Leave the images out and repeat the data exactly as given.

→ **DATASET CONTENT**:
════

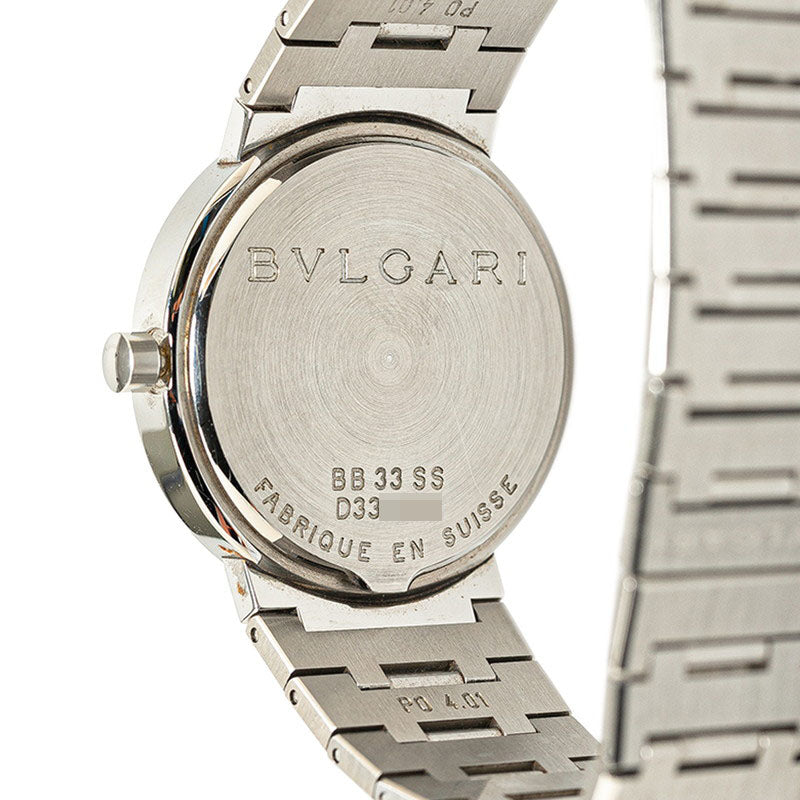 Bvlgari BB33SS Quartz Stainless Steel Men's Watch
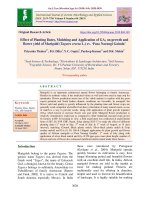 Effect of planting dates, mulching and application of GA3 on growth and flower yield of marigold (Tagetes erecta L.) cv. ‘Pusa Narangi Gainda’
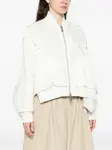 Бомбер на молнии Sacai, белый - фото 3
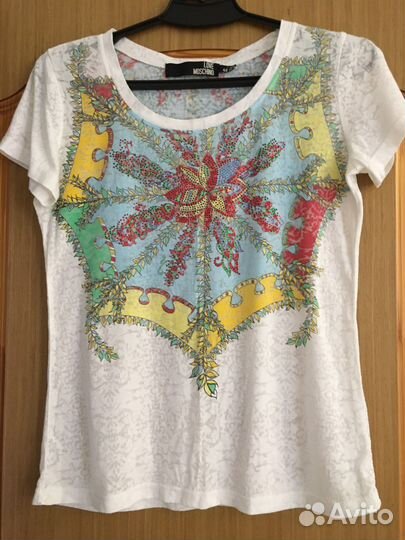 Футболка love moschino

════

→ **ANSWER TO THE PROBLEM**:
 Bvlgari BB33SS Quartz Stainless Steel Men's Watch
 Effect of planting dates, mulching and application of GA3 on growth and flower yield of marigold (Tagetes erecta L.) cv. ‘Pusa Narangi Gainda’
 Бомбер на молнии Sacai, белый - фото 3
 Футболка love moschino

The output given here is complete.